→ **Exercise**:
Please go line by line and repeat the data below exactly, with no images.

→ **Raw data**:
•••

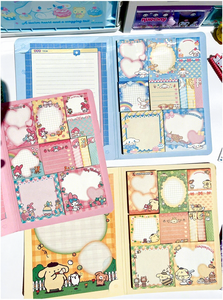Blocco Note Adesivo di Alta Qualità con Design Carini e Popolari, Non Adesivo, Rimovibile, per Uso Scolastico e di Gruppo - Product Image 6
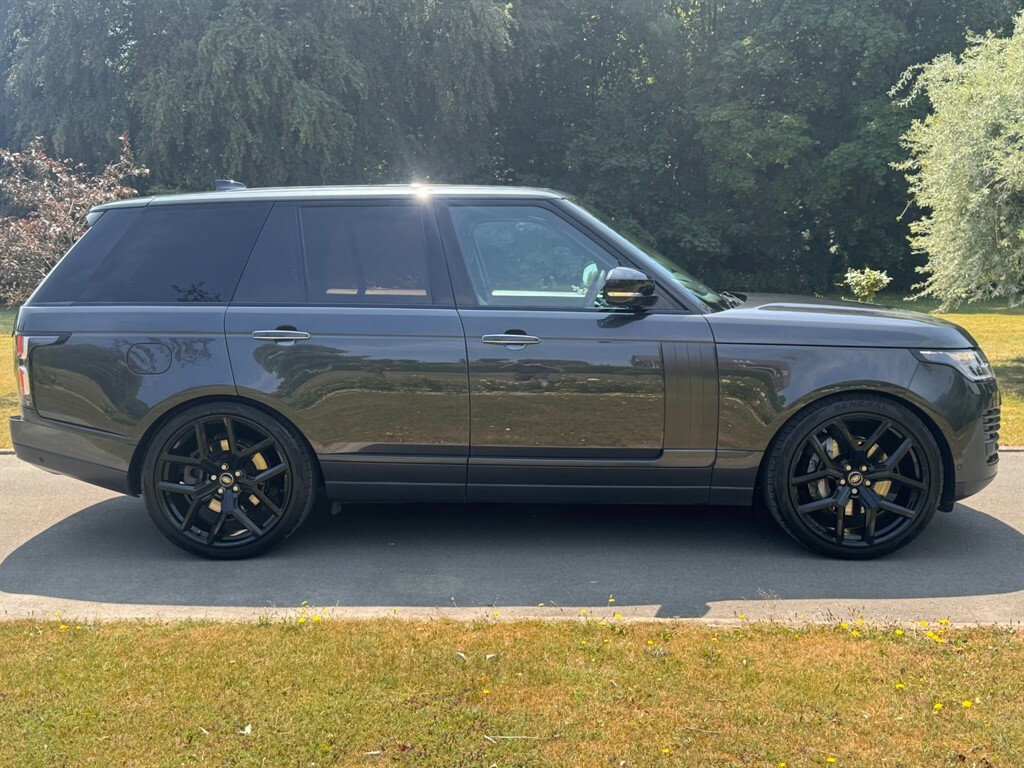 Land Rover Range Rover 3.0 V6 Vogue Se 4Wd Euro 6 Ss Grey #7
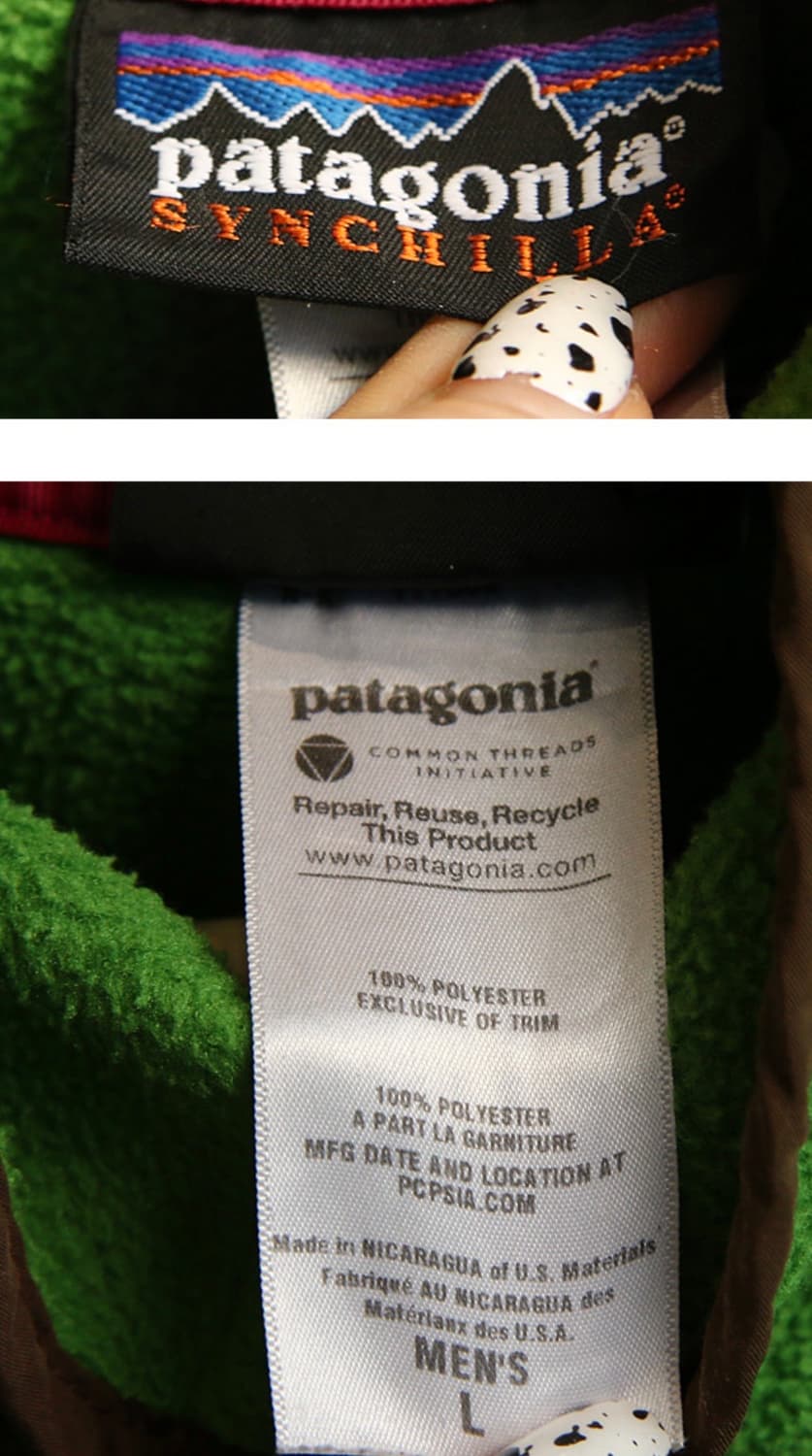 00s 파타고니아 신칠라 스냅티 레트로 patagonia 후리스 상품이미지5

•••

→ **Solution to the exercise**:
Blocco Note Adesivo di Alta Qualità con Design Carini e Popolari, Non Adesivo, Rimovibile, per Uso Scolastico e di Gruppo - Product Image 6
 Land Rover Range Rover 3.0 V6 Vogue Se 4Wd Euro 6 Ss Grey #7
 00s 파타고니아 신칠라 스냅티 레트로 patagonia 후리스 상품이미지5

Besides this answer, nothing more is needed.